The actual first pitch of Rewritten is a bit run-out, so I choose the slightly harder first pitch of The Great Zot (5.8), a pitch I’d climbed before, but had numb fingers at the crux and hung around rewarming them until completing the pitch. This time I did the line cleanly.

Jonathan followed and cleaned the pitch and the next group arrived at the base. Jonathan was up for leading and so we started to alternate pitches. Pitch 2 was Jonathan’s and he took the slightly harder, but cleaner 5.6 left variation.

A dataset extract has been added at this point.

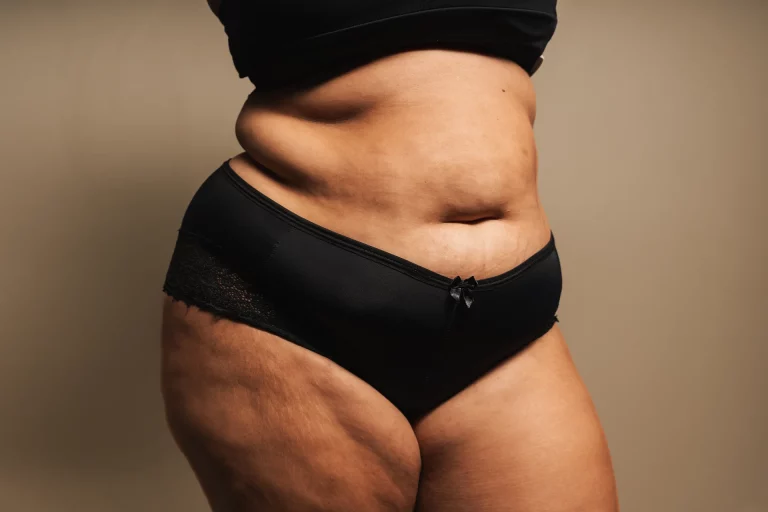 Person standing in black underwear and a black top, revealing the midsection and upper thigh area. The skin shows natural folds and texture, subtly highlighting the results of a recent Mommy Makeover.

After cleaning the route and reaching Jonathan’s belay at some rappel bolts, I took the rack and climbed the next 5.6 pitch. Jonathan soon arrived and was game to lead the famous traverse at the start of the 4th pitch.

While climbing the route, I decided the traverse wasn’t all that hard and some of the moves higher up were the crux of the route. I arrived at the large ledge with the dead tree and re-racked for the 5.7 Rebuffat’s Arete finish. Traversing right from the ledge I reached the arete and started climbing and finding more protection opportunities than I’d expected. The left side of the arete dropped down only 20 feet or less into the standard gully finish to Rewritten, but the right side fell away steeply and was very exposed. Fun climbing led to a small notch that I decided to belay at so I could get better photos of Jonathan climbing the arete.

The 6th pitch (short and 5.5) was Jonathan’s to led and he did so quickly up the blocky terrain.

From the crest of the ridge we were able to walk off to the north following a well-cairned path.